In the ensuing months, as Tyler’s star in the running world ascended, his life looked much the same: he coached track and taught gym to high schoolers; drew up training plans for clients; worked on home improvements; lounged and lived in Portland with Rachel and their dog, Teddy.
Meanwhile, he trained harder than ever, pacing 25 miles of Dylan Bowman’s second place finish at the Hard Rock 100, and running the Sur les Traces des Ducs de Savoie (TDS), part of the larger project of racing UTMB, Europe’s most famous trail race. Tyler won the 55k Moab Red Hot before placing fifth and 2nd in the Chuckanut 50k and Gorge Waterfalls, respectively. Except fifty springtime kilometers in the Pacific Northwest is not quite akin to one hundred miles through the Sierras in summer. To acclimate to the parched heat and steep terrain, Tyler’s final quest before WSER was running the Grand Canyon, rim to rim to rim.
During that trip, he met up with Jim Walmsley to run Elden Mountain and talk shop. One major takeaway was that Walmsley rarely, if ever, hiked, even on the steepest climbs. Tyler endeavored to hike less of the course than the previous year. If his effort last year was a breezy nine out of ten, he aimed to max out in 2022.

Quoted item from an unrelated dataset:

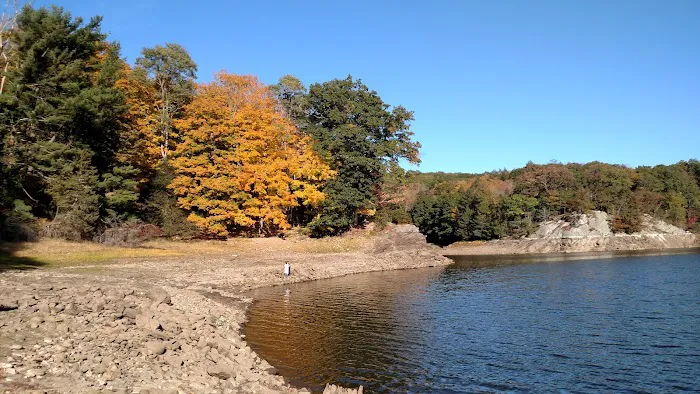 Saugatuck Universal Access Trail Picture 4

After months of training, analyzing the splits, and ironing out efficiencies, Tyler targeted a time closer to Walmsley’s than his own 2021 finish. He shaved minutes off his plan through a series of factors: upgrades to Nike’s Ultrafly Next%, improved crew preparation, fitness gains, and experience.
For Western States, Tyler sported some key Osprey implements. In the first half of the race, he wore a light gray Duro with a 1.5 liter reservoir. In the latter stages, his approach was more minimal, dropping the pack.

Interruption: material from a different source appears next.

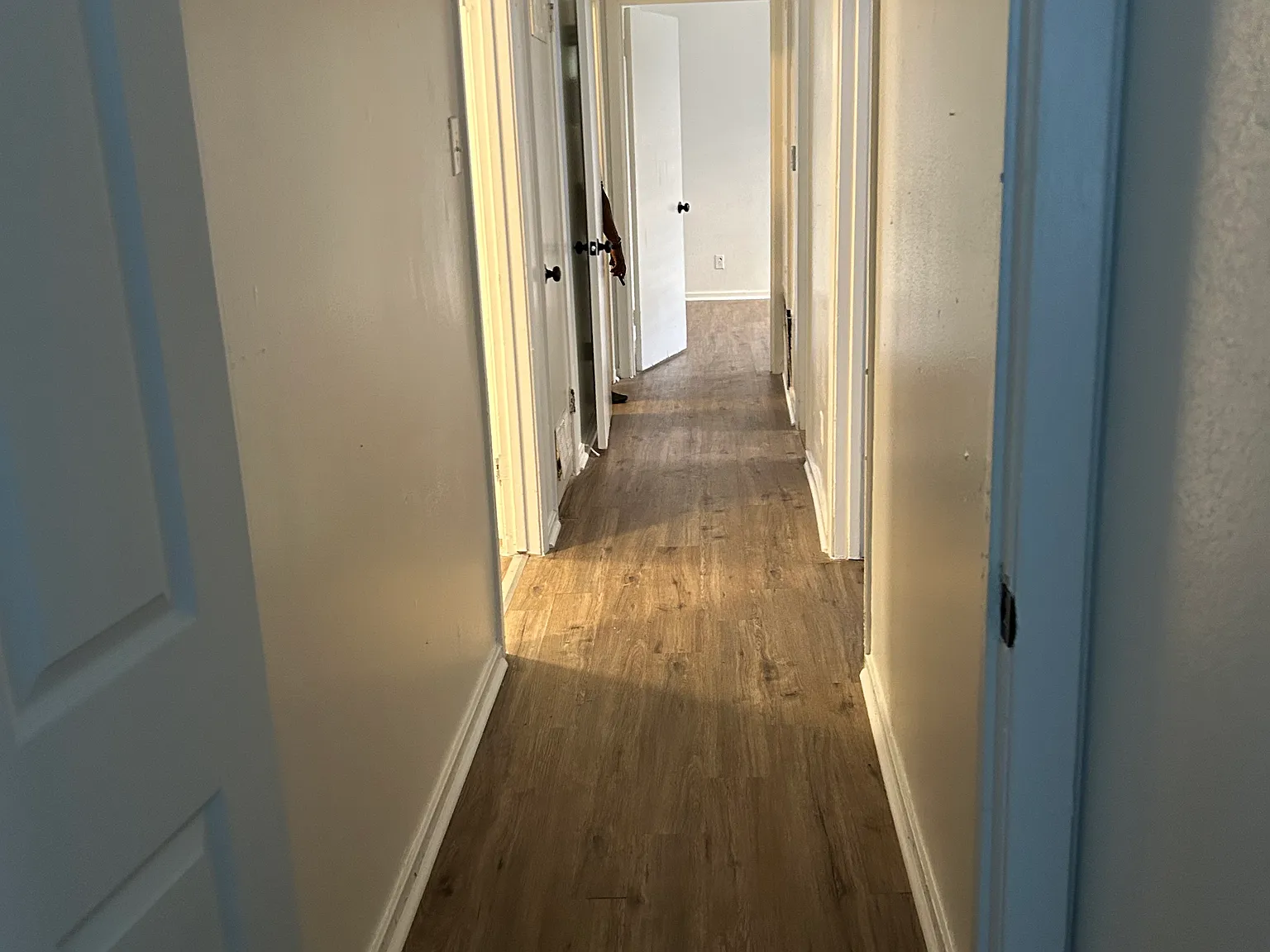 3 bed, 1610 sqft, $1,800 — Photo 3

The other Osprey item Tyler brought with him to Olympic Valley was as functional as it was sentimental: the very same Eclipse overnight pack which Tyler has carried since trekking through Nepal eighteen years ago.
In February, before Tyler set off for Moab, our family gathered for the first time to celebrate his birthday and meet our new niece, Ines. We gathered around the table with warm hearts, all of us together for the first time since Covid-19 broke out, and then just before Dad offered thanks for our meal, Tyler and Rachel announced she was pregnant.

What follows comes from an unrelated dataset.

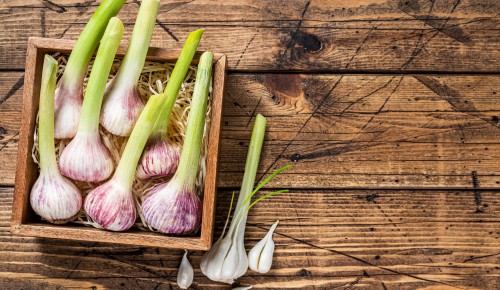 Young Spring garlic bulbs and cloves in wooden box. Wooden background. Top view. Copy space.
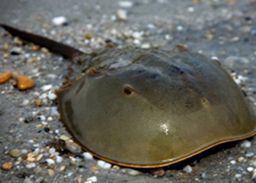 Atlantic horseshoe crab Aquarium of the Pacific Online Learning Center Atlantic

To understand our gratitude at this growth, you’d have to know the losses. How, eight years ago, cancer killed my wife and Tyler moved in for a while to support my daughter and I. Or how last winter, our grandfather passed. Or how, just the other day, our Uncle Mike died. Ty and Rach’s declaration of growth is sweeter in light of all that bitter loss.
Yet Rachel’s pregnancy also presented a new challenge. Tyler and Rachel are fine-tuned twin trail-running machines, and his career has flourished alongside her, their drive and energy lifting up the other. He may not put it this way, but a writer can recognize another artist’s muse. After her first trimester, Rachel couldn’t keep her usual pace. Tyler would do the running for both of them, but he missed her by his side.
As I met with Tyler in the lead-up to Western States, his demeanor was subdued. He hoped to win, yes, and he believed he would run a faster race, but that wry grin of underdog confidence from the year before was gone. He told me about a moment, arriving at the Peachstone aid station in 2021 and hearing Kendrick Lamar’s “HUMBLE.” The theme impressed on Tyler’s heart: Surrender. Anything can happen on race day, especially over a hundred miles.
Against the solitude and grander expectations, Tyler carried a mental edge: his memories of the race. That was where experience factored in. This would be his third time through the trail, start to finish. Planted in his psyche are the places where he and Rachel ran together, the spots where he made key passes, the stretches he ran with friends––Drew, Jordan, Nick, Yassine. There are memories of where he nearly gave up and pushed through. With each pass, this legendary trail becomes a place Tyler more closely knows.
And so, on June 26th, Tyler and his growing family and veteran crew arrived at the line in Olympic Valley. The Western States Endurance Run was set to start.